Good nutrition in animal production systems is essential to economically produce a healthy, high quality product. In fish farming, nutrition is critical because feed represents 40-50% of the production costs. Fish nutrition has advanced dramatically in recent years with the development of new, balanced commercial diets that promote optimal fish growth and health. The development of new species-specific diet formulations supports the fish farming industry as it expands to satisfy increasing demand for affordable, safe, and high-quality products.
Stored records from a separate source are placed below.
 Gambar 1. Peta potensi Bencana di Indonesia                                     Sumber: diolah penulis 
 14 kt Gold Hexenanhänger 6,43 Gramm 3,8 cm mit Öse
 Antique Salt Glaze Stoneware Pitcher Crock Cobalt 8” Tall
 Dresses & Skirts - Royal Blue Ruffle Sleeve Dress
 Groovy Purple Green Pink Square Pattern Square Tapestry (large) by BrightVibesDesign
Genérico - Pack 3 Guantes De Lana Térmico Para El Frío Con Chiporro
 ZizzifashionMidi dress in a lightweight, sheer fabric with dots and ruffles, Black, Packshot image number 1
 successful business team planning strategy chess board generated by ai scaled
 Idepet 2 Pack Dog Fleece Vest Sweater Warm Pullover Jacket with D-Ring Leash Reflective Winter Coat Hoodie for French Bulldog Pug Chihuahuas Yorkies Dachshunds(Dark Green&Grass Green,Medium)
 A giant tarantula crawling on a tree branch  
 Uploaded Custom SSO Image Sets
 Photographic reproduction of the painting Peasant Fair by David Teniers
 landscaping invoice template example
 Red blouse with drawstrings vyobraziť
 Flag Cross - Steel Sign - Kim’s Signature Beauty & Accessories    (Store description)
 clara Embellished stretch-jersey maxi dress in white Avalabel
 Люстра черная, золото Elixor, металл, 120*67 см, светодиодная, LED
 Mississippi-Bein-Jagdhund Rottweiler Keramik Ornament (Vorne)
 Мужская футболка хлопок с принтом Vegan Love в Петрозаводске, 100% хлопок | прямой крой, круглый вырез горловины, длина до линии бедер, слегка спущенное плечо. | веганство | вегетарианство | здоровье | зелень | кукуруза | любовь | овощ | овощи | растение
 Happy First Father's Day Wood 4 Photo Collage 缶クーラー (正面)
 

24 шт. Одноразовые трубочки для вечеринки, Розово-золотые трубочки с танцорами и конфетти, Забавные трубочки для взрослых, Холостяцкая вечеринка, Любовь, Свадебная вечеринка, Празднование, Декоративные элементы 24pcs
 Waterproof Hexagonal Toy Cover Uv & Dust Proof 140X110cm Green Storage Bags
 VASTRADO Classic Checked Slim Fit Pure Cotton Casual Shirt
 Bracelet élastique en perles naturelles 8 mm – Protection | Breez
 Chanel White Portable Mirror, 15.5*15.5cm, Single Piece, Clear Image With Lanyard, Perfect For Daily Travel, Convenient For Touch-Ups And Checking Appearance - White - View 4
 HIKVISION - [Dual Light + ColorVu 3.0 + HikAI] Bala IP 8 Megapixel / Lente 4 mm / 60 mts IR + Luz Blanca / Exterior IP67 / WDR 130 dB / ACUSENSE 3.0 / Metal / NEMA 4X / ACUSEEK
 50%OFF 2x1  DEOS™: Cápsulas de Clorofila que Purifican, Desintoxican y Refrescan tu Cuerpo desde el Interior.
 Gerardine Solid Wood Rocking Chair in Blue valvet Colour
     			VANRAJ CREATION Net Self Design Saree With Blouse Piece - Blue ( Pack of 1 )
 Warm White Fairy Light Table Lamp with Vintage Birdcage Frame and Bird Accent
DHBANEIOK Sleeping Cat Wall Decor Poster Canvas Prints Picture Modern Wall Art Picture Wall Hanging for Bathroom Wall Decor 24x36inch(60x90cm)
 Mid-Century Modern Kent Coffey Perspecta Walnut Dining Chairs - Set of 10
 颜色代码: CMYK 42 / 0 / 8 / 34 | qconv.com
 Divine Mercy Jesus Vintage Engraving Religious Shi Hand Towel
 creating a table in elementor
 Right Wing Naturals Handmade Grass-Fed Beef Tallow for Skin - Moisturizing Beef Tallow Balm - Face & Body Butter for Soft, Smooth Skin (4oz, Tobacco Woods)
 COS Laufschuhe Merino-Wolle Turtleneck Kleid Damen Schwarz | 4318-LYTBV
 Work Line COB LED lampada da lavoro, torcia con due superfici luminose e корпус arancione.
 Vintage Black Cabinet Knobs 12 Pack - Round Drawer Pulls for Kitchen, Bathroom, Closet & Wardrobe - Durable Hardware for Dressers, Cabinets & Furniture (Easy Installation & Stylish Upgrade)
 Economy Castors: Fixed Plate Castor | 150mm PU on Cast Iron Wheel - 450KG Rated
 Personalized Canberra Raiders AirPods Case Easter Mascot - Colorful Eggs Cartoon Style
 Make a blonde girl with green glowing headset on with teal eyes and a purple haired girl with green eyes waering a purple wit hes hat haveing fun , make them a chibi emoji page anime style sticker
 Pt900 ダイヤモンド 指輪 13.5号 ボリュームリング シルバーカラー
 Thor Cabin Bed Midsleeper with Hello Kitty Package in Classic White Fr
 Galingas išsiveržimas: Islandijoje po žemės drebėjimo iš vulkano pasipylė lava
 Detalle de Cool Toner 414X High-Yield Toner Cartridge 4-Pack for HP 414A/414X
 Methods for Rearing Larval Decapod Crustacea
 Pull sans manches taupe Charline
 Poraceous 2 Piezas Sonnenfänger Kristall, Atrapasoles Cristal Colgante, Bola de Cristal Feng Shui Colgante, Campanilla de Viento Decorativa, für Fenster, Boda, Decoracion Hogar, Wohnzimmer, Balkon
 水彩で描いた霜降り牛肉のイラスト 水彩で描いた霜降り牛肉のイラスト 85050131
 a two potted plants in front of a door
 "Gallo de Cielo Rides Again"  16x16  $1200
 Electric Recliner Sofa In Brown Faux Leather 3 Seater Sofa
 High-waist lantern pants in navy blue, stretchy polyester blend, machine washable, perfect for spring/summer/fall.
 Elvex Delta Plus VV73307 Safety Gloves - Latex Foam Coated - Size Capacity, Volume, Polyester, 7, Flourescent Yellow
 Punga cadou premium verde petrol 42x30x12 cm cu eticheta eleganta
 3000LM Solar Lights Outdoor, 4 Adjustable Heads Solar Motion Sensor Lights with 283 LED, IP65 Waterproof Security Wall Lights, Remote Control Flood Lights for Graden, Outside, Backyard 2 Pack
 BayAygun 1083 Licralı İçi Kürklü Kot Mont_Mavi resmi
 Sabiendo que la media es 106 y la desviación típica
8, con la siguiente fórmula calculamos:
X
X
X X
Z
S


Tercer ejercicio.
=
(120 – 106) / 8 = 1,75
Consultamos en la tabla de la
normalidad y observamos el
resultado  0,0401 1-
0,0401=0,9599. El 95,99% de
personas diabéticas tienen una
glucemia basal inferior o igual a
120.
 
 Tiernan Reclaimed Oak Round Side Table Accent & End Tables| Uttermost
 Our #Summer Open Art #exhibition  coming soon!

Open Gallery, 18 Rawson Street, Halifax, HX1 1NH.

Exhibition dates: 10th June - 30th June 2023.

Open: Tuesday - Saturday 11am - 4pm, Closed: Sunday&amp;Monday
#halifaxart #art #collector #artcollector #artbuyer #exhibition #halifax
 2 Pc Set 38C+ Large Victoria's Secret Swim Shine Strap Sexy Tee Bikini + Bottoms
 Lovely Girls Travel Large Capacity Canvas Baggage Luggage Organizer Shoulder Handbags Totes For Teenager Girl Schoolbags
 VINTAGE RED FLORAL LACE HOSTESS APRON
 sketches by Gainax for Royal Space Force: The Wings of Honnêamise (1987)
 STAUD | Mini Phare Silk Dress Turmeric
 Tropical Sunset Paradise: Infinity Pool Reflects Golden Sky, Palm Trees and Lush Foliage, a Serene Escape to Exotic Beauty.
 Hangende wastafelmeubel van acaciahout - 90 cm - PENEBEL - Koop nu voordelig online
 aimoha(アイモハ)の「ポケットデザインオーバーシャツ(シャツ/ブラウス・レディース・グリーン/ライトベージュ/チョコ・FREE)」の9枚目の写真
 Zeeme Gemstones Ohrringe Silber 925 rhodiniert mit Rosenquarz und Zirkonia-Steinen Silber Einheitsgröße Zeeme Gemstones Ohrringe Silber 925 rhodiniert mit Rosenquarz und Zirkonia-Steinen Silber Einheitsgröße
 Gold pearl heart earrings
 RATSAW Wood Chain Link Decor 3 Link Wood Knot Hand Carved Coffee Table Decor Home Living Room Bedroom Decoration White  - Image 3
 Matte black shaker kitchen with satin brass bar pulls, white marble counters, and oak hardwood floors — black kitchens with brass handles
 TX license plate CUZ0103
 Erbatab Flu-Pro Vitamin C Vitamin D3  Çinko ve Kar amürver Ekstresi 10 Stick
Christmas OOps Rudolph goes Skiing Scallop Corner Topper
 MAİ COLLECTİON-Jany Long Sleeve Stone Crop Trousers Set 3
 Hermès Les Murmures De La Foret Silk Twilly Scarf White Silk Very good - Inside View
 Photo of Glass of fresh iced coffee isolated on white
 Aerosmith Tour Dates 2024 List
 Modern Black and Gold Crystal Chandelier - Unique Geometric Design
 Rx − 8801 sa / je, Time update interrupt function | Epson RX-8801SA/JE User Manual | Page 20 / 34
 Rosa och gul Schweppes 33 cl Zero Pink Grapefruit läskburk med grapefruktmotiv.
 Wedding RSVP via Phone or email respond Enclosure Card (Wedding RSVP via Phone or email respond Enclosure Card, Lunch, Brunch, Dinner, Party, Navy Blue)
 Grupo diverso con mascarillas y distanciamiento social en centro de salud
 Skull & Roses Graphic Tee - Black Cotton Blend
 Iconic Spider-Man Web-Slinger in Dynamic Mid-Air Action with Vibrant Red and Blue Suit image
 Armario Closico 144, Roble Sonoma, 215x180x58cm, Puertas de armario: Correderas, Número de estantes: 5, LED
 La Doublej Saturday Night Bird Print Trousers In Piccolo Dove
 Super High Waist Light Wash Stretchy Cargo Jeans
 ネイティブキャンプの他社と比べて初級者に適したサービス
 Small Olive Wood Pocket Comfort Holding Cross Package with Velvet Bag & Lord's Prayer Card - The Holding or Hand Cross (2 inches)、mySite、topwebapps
For commercial culture of fish, the formulation of a low-cost balanced diet using locally available agro-industry byproducts is needed. Recently fishmeal has become the most expensive protein ingredient in aquaculture feeds. Many developing countries have realised that, in the long run, they will be unable to afford fishmeal as a major protein source in aquafeeds. Currently one of the challenges that fish nutritionist face is to partially or totally replace fishmeal with less expensive, non-traditional animal or plant protein sources. Many studies have shown considerable success in partially replacing fishmeal with soybean meal and other soybean products in the diet of various fish species. Research interest has been focused on different leaf meals as protein sources in fish feed. Fish nutritionists have evaluated alternative sources of plant origin protein in fish diets as partial or total fishmeal replacement.
Alfalfa (Medicago sativa) is a flowering plant in the pea family (Fabaceae), cultivated as an important forage crop. In the United Kingdom, Australia and New Zealand it is known as Lucerne and as Lucerne grass in south Asia. Alfalfa is widely grown throughout the world as forage for cattle due to its high protein content. In early Chinese medicines, physicians used young alfalfa leaves to treat disorders related to the digestive tract and the kidneys. Ayurvedic physicians used the leaves for treating poor digestion. In an experiment, fresh leaves of alfalfa plant were used in the formulation of fish feed. Dried leaves of alfafa in powder form were used for preparing fish feed. It was tested in the diet of a freshwater fish, Cirrhinus mrigala (Mrigal carp) under laboratory conditions. The feeding experiment was carried out for three months. The various experimental diets contained different combinations of dry alfalfa leaf meal, mixed with groundnut oil cake, rice bran, guar gum binder and a mineral vitamin
mixture (Table 1). Ingredients were mixed thoroughly in a kitchen mixer till a homogenous mass was obtained. With the help of a mincer, pellets were prepared, which were immediately sun dried. After drying, the pellets were hand broken up into convenient pellet sizes and frozen until before feeding. In this experiment the alfalfa was incorporated at various percentage levels to check the effectiveness as a fish feed ingredient. Medcago sativa solely does not have the capacity to replace the traditional fish meal. Therefore it is used as a supplementary fish feed ingredient along with the traditional ingredients; but the incorporation level of traditional ingredients like groundnut oilcake, rice bran etc. was kept at a lower inclusion level.
Growth performance on alfalfa diet
The growth performance of Mrigal carp on the alfalfa diet is presented in Figure 1. The present study confirmed that Mrigal carp is able to utilise the plant based formulated diet. An inclusion level of up to 30% in the practical diet for Mrigal carp fingerlings had no adverse effects on growth, feed utilisation efficiencies or body composition of the fish. From the present work it is concluded that, Medicago sativa may be a promising source of plant protein; used for partial replacement of fishmeal in the formulated fish feed. It will definitely help small scale fish farmers to cut costs on traditional fish feed.
S.A. Vhanalakar works at the Department of Zoology, Karmaveer Hire Arts, Science, Commerce and Education College. D.V. Muley works at the Department of Zoology of the Shivaji University, both located in Maharashtra, India.